That's the question a legislative panel is investigating. Lawmakers are scheduled to hear from several local elected officials and school leaders on Friday.
Their concern is the impact of the state formula for funding public schools, and the way it calculates tuition for charter schools.
Cumberland Town Councilor Arthur Lambi, a Republican, is among those planning to testify. According to Lambi, Cumberland sends about $3 million to charter schools every year, and that number is expected to grow as charter schools add more seats.
The problem, says Lambi, is that despite having fewer students, the district is not realizing enough savings to make up for the loss of funding.
"If charters are in our future to stay, then we really need to have an honest discussion about the true cost of removing a child from a classroom," Lambi said. "Because you still need a teacher in a classroom. You need an assistant principal and a principal, and a school nurse, and the janitors and buses and utilities."

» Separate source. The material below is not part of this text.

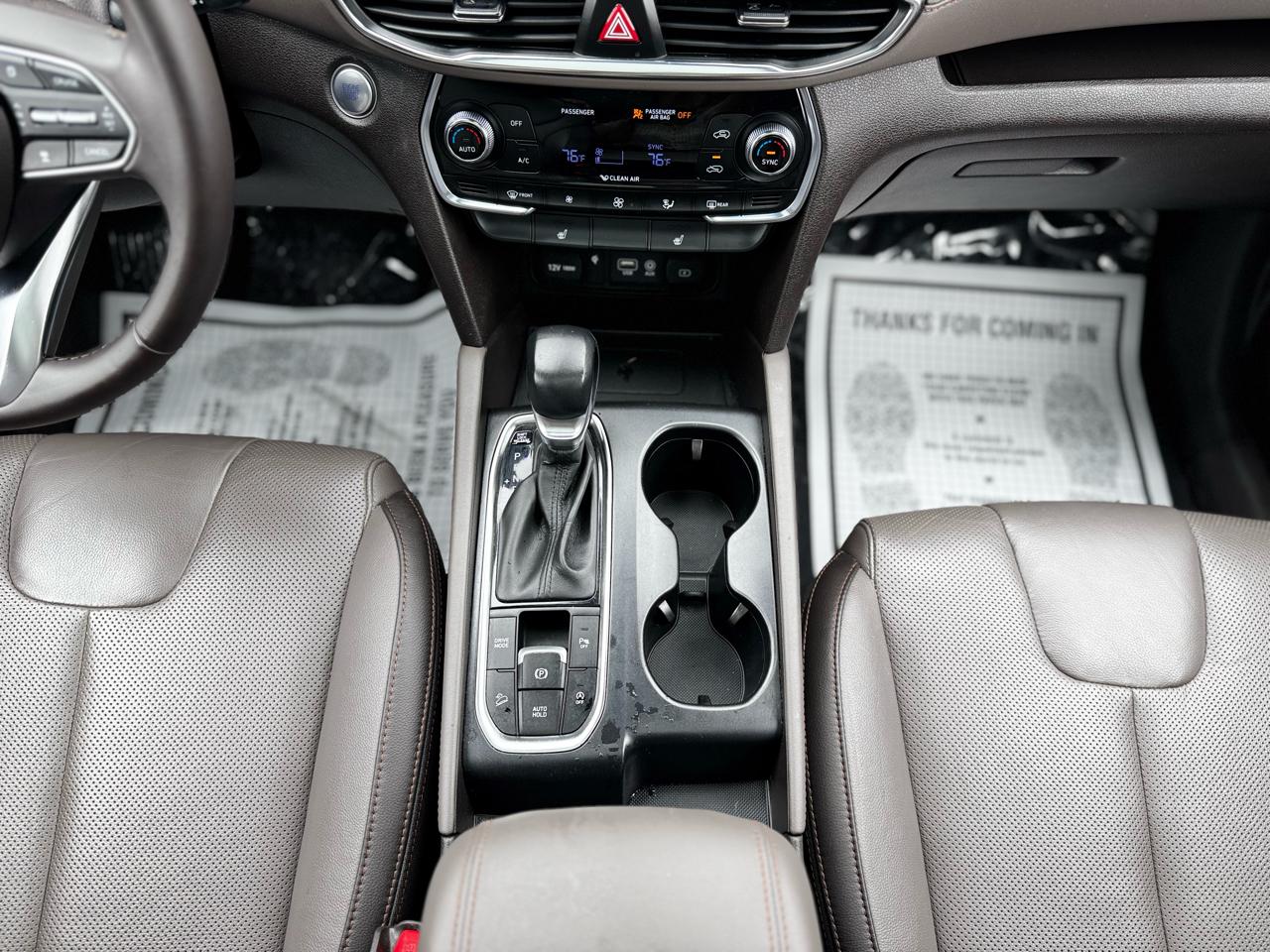 Hyundai Santa Fe SEL 2.0T AWD w/Convenience and Premium Packages 2020
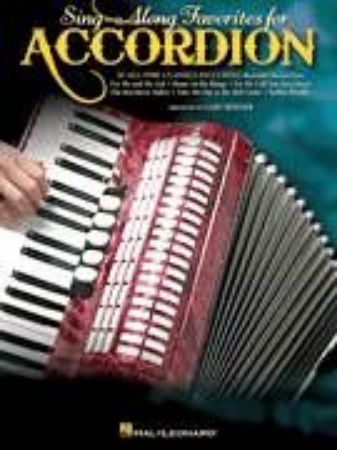 SING ALONG FAVORITES FOR ACCORDION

Lambi also sees a "redundancy" in building charter schools alongside traditional public schools.
"You don’t need to look any further than Broad Street in Cumberland here to see that we have one elementary school there, and there are two brand new buildings within a stone’s throw and these two new buildings are charter schools," Lambi said.
Cumberland is home to the Blackstone Valley Prep Mayoral Academy, which draws students from several communities, including Central Falls and Lincoln.
Advocates from Blackstone Valley Prep and other charter schools emphasize that they are providing important options for parents and students. They often point out that charter schools are also public schools.
The charter school movement began, in part, as an effort to spur improvements in public schools by creating competition. Critics believed public schools were hamstrung by factors such as union contracts, which govern everything from staffing and employee benefits to the length of the school day.
In crafting the state funding formula, some charter school advocates fought for a "money follows the child" system, arguing that it did not make sense to provide state funding to districts for students who no longer attended their schools. The change was seen as crucial to continued expansion of public charter schools.
Lincoln Rep. Jay O'Grady is chairing the panel on charter school funding. O'Grady says he also plans to look at disparities in the rates of tuition paid by different districts.